What I need is an exact repeat of the lines from the one with "Goodenia pinnatifida at" through the end of the listing below. Leave out every picture.

Top of DATA SUPPLIED

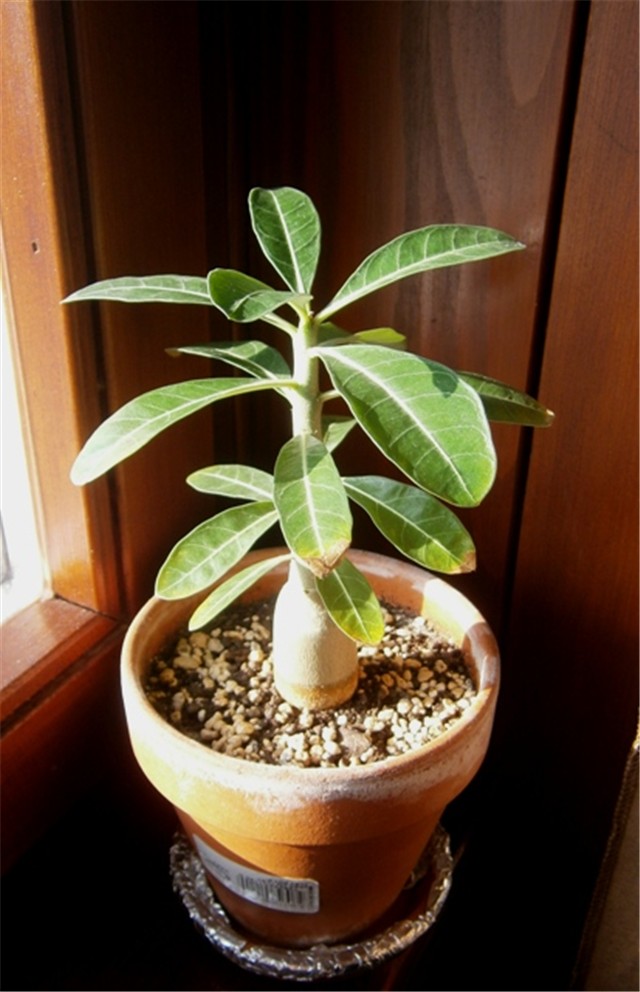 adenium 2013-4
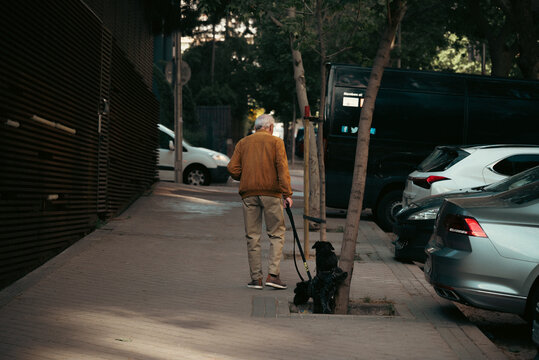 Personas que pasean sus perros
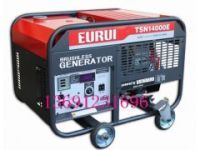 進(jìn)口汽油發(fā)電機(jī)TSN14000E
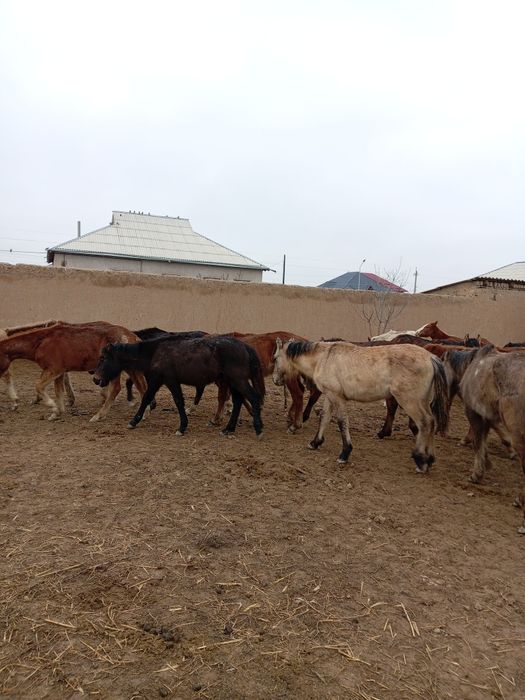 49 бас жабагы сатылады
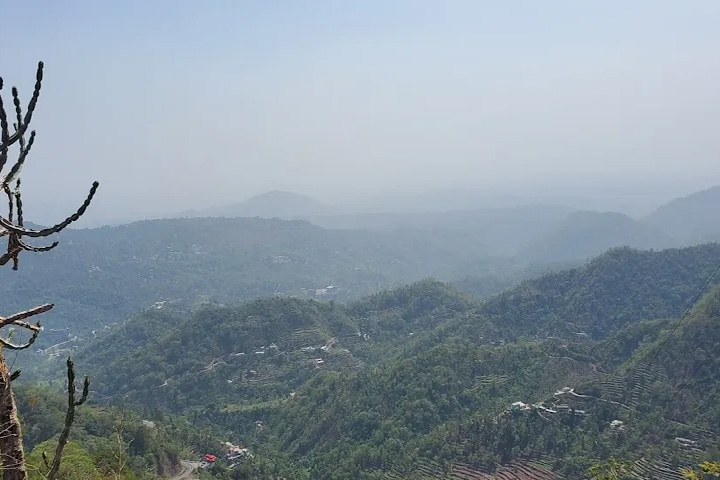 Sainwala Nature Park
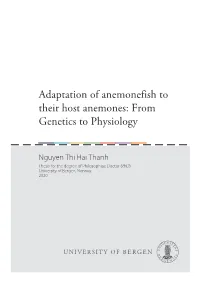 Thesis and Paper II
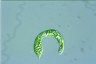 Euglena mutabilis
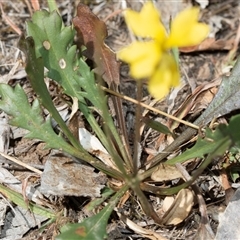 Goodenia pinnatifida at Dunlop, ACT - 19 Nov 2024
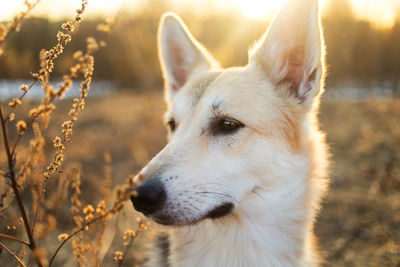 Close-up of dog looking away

Bottom of DATA SUPPLIED

RESPONSE TO THE TASK
 Goodenia pinnatifida at Dunlop, ACT - 19 Nov 2024
 Close-up of dog looking away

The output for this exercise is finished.